In addition, SUSv3 includes the X/Open CURSES Issue 4 Version 2 (XCURSES) specification, which specifies 372 functions and 3 header files for the curses screen-handling API.

In all, 1742 interfaces are specified in SUSv3. By contrast, POSIX.1-1990 (with FIPS 151-2) specified 199 interfaces, and POSIX.2-1992 specified 130 utilities.

SUSv3 is available online at http://www.unix.org/version3/online.html. UNIX implementations certified against SUSv3 can call themselves UNIX 03.

There have been various minor fixes and improvements for problems discovered since the ratification of the original SUSv3 text. These have resulted in the appearance of Technical Corrigendum Number 1, whose improvements were incorporated in a 2003 revision of SUSv3, and Technical Corrigendum Number 2, whose improvements were incorporated in a 2004 revision.

Historically, the SUS (and XPG) standards deferred to the corresponding POSIX standards and were structured as functional supersets of POSIX. As well as specifying additional interfaces, the SUS standards made mandatory many of the interfaces and behaviors that were deemed optional in POSIX.

This distinction survives somewhat more subtly in POSIX 1003.1-2001, which is both an IEEE standard and an Open Group Technical Standard (i.e., as noted already, it is a consolidation of earlier POSIX and SUS standards). This document defines two levels of conformance:

The additional interfaces and behaviors required for XSI conformance are collectively known as the XSI extension. They include support for features such as threads, mmap() and munmap(), the dlopen API, resource limits, pseudoterminals, System V IPC, the syslog API, poll(), and login accounting.

In later chapters, when we talk about SUSv3 conformance, we mean XSI conformance.

In 2008, the Austin group completed a revision of the combined POSIX.1 and Single UNIX Specification. As with the preceding version of the standard, it consists of a base specification coupled with an XSI extension. We’ll refer to this revision as SUSv4.

The changes in SUSv4 are less wide-ranging than those that occurred for SUSv3. The most significant changes are as follows:

In the remainder of this book, we note changes in SUSv4 where they are relevant to the topic being discussed.

Figure 1-1 summarizes the relationships between the various standards described in the preceding sections, and places the standards in chronological order. In this diagram, the solid lines indicate direct descent between standards, and the dashed arrows indicate cases where one standard influenced another standard, was incorporated as part of another standard, or simply deferred to another standard.
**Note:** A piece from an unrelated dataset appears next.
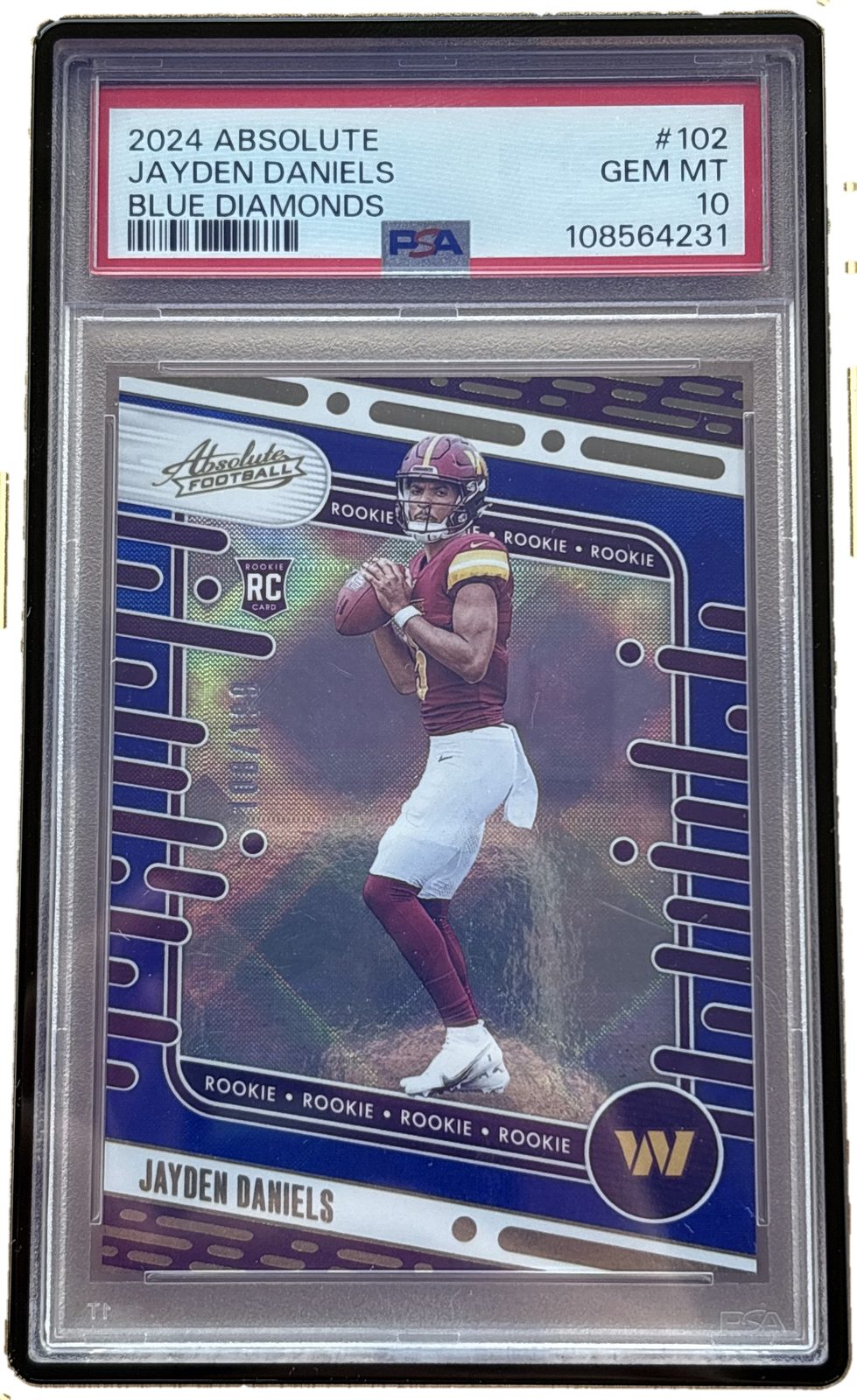 Panini 2024 Absolute Jayden Daniels #102 Blue Diamonds /199 PSA 10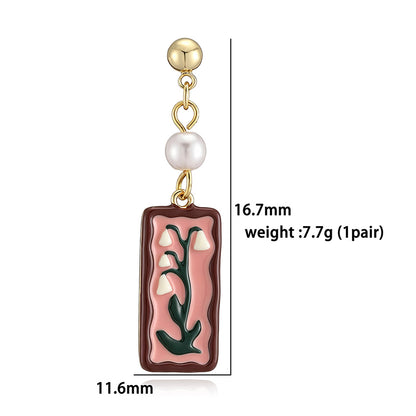 Sweet Flowers Enamel Stud Earrings With Artificial Pearl, 18K Real Gold Plated Copper, Water Plating Process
The situation with networking standards is somewhat complex. Standardization efforts in this area began in the late 1980s with the formation of the POSIX 1003.12 committee to standardize the sockets API, the X/Open Transport Interface (XTI) API (an alternative network programming API based on System V’s Transport Layer Interface), and various associated APIs. The gestation of this standard occurred over several years, during which time POSIX 1003.12 was renamed POSIX 1003.1g. It was ratified in 2000.

In parallel with the development of POSIX 1003.1g, X/Open was also developing its X/Open Networking Specification (XNS). The first version of this specification, XNS Issue 4, was part of the first version of the Single UNIX Specification. It was succeeded by XNS Issue 5, which formed part of SUSv2. XNS Issue 5 was essentially the same as the then current (6.6) draft of POSIX.1g. This was followed by XNS Issue 5.2, which differed from XNS Issue 5 and the ratified POSIX.1g standard in marking the XTI API as obsolete and in including coverage of Internet Protocol version 6 (IPv6), which was being designed in the mid-1990s. XNS Issue 5.2 formed the basis for the networking material included in SUSv3, and is thus now superseded. For similar reasons, POSIX.1g was withdrawn as a standard soon after it was ratified.

In addition to the standards produced by independent or multiparty groups, reference is sometimes made to the two implementation standards defined by the final BSD release (4.4BSD) and AT&T’s System V Release 4 (SVR4). The latter implementation standard was formalized by AT&T’s publication of the System V Interface Definition (SVID). In 1989, AT&T published Issue 3 of the SVID, which defined the interface that a UNIX implementation must provide in order to be able to call itself System V Release 4. (The SVID is available online at http://www.sco.com/developers/devspecs/.)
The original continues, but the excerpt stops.